Jason Rhoades (b. 1965, USA)
Perfect World, 1999

To be totally honest, the look of it – from the images I could find – does not make me too excited. I hope, I would find a way to appreciate it if encountering it IRL (although I doubt it). But I do like the conceptual side of it. An installation in a scale and composition that does not offer any particular point of view, but rather inescapable multiplicity of viewing points and perspectives, none of them permitting full overview of the work. I like that feature both as emphasis on multiple perceptions and interpretations of the work and as a metaphor for human condition and impossibility of universal truth at large.

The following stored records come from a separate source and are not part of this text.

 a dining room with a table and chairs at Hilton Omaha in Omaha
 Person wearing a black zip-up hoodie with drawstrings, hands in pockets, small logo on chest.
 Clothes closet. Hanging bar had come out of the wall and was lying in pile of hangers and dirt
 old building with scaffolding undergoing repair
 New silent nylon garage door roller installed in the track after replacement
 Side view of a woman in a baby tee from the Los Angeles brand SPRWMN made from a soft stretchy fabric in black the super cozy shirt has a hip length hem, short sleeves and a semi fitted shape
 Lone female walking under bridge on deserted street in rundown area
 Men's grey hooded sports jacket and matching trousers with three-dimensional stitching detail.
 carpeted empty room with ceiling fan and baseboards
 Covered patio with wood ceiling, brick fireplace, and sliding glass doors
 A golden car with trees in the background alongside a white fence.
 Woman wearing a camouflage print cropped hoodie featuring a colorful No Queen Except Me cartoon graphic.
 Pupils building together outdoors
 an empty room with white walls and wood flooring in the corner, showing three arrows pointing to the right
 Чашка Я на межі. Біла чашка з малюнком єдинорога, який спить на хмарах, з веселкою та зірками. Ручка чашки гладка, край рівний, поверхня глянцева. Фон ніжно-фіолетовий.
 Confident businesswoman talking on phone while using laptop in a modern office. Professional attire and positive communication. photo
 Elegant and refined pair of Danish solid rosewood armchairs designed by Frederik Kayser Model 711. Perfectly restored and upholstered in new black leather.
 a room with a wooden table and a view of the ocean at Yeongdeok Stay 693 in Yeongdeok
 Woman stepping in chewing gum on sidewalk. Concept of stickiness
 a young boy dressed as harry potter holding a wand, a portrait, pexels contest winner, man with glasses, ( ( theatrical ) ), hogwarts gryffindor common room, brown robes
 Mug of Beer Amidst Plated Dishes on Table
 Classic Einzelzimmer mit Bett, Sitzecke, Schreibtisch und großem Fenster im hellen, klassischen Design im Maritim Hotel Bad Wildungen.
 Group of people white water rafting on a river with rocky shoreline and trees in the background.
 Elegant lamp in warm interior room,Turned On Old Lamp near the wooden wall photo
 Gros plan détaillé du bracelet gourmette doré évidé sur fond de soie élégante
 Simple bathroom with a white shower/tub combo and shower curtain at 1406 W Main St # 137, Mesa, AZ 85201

I haven’t had a chance to build large scale installations so far myself, but several of my experiments are toying with similar ideas – e.g. by superimposing or combining sounds and/or photographs from different times and places that would never be perceptible from a single position IRL (as in “Street Stretch” – a 5 m long collage of photographs of the same stretch of the street taken with few seconds interval), or by choosing size and format of pdf-files or prints that deny single point with full overview (as in “Rererepresentations” – a pdf piece where full overview makes contents unintelligible, while readable view requires manual manipulation to navigate the page), forcing the viewer to move around and experience series of fragmentary views. It’s all very crude at this point still, but it is exploration in progress.